Nonpartisan journalists operate on the model that they limit their reports, to the degree possible, to what they think are verifiable facts.  How do they verify facts?  Documents, video evidence, etc.  So, when Trump claimed that Obama wiretapped him, in the absence of contrary evidence, most nonpartisan journalists were unwilling to simply call bullshit.  Why?  Because in theory, there could be evidence somewhere.*  Hence, the claim could be true, Trump could have evidence, and he might not be a total fucking liar.  I'd tell you to stop laughing, but no, go ahead and laugh.  Anyone who ever took this seriously was a fucking moron, but that has always been true for Trump's lies, which I have analogized to the Nigerian Prince scam (see here and here).**

The problem with applying the verifiable-facts-only model in the case of the wiretapping claim is that we know exactly how it came about.  Radio wacko Mark Levin first came up with it, and from there, it spread to... Breitbart!  From there, it was a straight shot to Trump himself.  We also know that Trump does not take regular intelligence briefings because "I'm, like, a really smart person," and that he hates the intelligence agencies because they tell him things like, oh, say, Russia hacked the DNC in order to interfere in the election to put him in office.  That's why, when pressed for his sources on the claim, he cites, not briefings from intelligence agencies, but Fox News personalities who are dutifully repeating what Trump says because he says it in a perfect circle of terrifying, paranoid lies.

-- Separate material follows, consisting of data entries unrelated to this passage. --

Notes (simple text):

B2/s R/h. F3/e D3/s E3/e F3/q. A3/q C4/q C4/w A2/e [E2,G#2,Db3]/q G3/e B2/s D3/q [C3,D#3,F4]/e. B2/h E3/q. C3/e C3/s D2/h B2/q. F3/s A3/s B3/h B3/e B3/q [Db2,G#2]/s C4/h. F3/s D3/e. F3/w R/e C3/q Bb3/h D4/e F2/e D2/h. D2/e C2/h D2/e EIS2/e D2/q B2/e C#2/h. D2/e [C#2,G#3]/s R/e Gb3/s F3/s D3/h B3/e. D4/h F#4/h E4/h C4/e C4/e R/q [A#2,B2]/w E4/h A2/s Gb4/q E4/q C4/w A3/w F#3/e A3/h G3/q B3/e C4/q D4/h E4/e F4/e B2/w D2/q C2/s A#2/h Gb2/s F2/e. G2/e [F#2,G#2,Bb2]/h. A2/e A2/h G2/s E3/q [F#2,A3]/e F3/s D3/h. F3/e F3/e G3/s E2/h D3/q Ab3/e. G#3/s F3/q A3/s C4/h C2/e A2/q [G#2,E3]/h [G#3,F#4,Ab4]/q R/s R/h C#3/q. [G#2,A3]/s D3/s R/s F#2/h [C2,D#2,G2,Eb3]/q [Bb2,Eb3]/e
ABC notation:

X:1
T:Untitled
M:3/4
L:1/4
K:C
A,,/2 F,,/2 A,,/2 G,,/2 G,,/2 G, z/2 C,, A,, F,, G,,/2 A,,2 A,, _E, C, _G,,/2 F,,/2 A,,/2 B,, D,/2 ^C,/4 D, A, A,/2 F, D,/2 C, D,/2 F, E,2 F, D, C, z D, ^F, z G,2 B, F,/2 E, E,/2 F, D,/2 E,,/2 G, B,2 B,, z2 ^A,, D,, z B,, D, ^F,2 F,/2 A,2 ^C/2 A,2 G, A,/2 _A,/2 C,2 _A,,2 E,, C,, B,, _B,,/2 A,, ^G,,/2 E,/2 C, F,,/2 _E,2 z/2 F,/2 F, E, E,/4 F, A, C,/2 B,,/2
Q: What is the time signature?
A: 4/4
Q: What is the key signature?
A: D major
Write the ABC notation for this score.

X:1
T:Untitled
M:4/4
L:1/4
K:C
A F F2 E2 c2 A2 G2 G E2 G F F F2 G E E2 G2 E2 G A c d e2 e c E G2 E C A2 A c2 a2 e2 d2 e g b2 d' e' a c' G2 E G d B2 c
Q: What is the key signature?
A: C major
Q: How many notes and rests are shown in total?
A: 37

So, do we evaluate the claim based on what we know about the process by which the "information" is transmitted, giving it an essentially zero probability of being true, and thereby treat it as a total fucking lie, or do we treat it as a question mark because it is an unverifiable claim with no evidence?  The facts-only journalistic model says the latter.  My statistician/social scientist brain, updated in Bayesian terms based on Trump's record of lying, giving him zero credibility, says the former.

This is an important point about the gap between how journalists think about evidence and how statistically-minded social scientists assess claims.  I keep thinking in statistical terms.  Yesterday, I wrote about Bayesian assessments of Trump.  Journalists don't, and can't think in those terms, partially because they are conditioned to think in more legalistic terms (you can't convict on probabilities), and partially because, well, journalists generally can't think in mathematical terms anyway.  However, I will always revert to Occam's Razor.  The simplest explanation, when Trump makes a wild claim with no evidence, is that he is full of shit.  Standard journalistic models don't work when the President is a pathological liar.



*  In theory, communism works.  In theory.-- Simpson, H.

**  I'll admit that I dragged that series out to stall for time before politics got going again, but there's some good stuff in that series.